Too many unready students are going to colleges that are unprepared to handle such students.
Georgia needs more well-educated adults to replace those with 2.0 grade point averages working in and running this state. Georgia is in trouble. Lowering the Hope Grant eligibility requirements will only increase these troubles.
BARBARA COPES, DOUGLASVILLE
IMMIGRATION
Amnesty plan must
come with safeguards
In 2007, I wrote the following suggestions to Senators Chambliss and Isakson.
The immigration problem is too complex to be solved by one enormous bill. It can be solved one step at a time with simple, one-purpose legislation. Stop illegal entry absolutely.
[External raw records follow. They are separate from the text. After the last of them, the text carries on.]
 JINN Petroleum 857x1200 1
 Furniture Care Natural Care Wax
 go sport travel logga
Register all illegal residents, without penalties but with ironclad provisions that those not registered by a specified date forfeit all possibility of future citizenship or legal residency. Then, with realistic data, legislate lenient but rational amnesty, and revise immigration standards and quotas with the usual American charity, tempered by social and economic needs of the nation.
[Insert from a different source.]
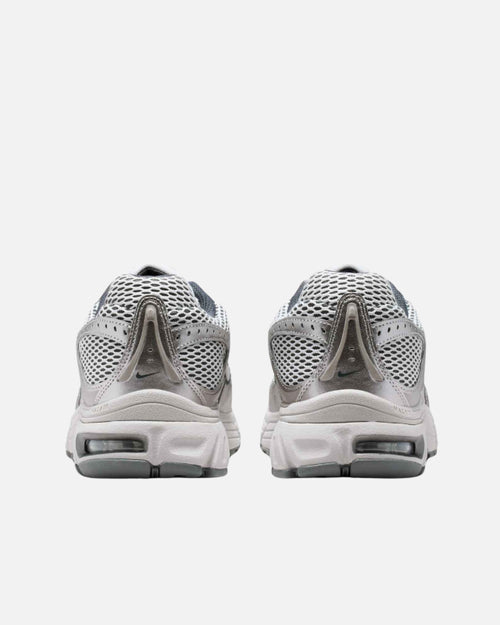 Nike Air Max Moto 2K - Gris - Footkorner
Amnesty without safeguards along the lines suggested here would trigger an unsustainable avalanche. This country, as we know it, is at risk because of unassimilated immigrants. A house divided against itself cannot stand.
JOHN STANFIELD, PEACHTREE CITY
GUN CONTROL
End proliferation
of domestic WMDs
We define “weapons of mass destruction” as weapons that are capable of inflicting tremendous harm — usually death — to those we fire on.
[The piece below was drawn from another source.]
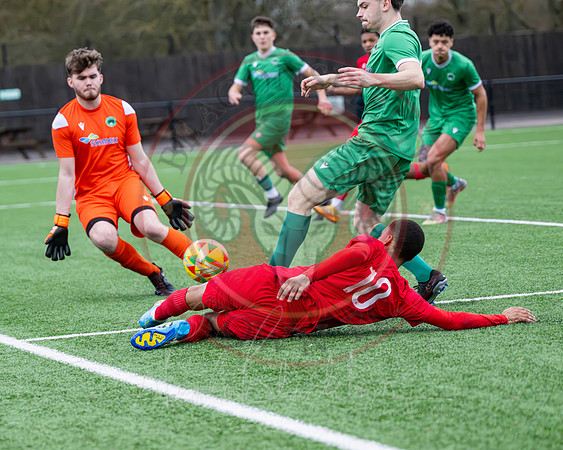 Rams v Newport Pagnell (268 of 394)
Unfortunately, there are weapons of mass destruction here in the U.S. These weapons have been extremely detrimental to thousands of people each year, both adults and children. When will we decide that we don’t live in the Wild West anymore, or that we have made too many weapons of mass destruction available to too many who are mentally ill?
DAVID CLARKE, BUFORD
ENVIRONMENT
Hold Jekyll Island
officials accountable
Thank you for printing the article on the Jekyll Island Authority’s clear-cutting a portion of the Jekyll causeway in violation of the Coastal Marshland Protection Act (“Order to quit clearing comes too late for Jekyll,” Metro, Feb. 9).
The authority’s claim of ignorance of proper natural resource management practice is unacceptable. Its job is to know.
As someone who cares about this state park, I ask that the Jekyll Island Authority be held accountable and suffer appropriate consequences for its illegal action.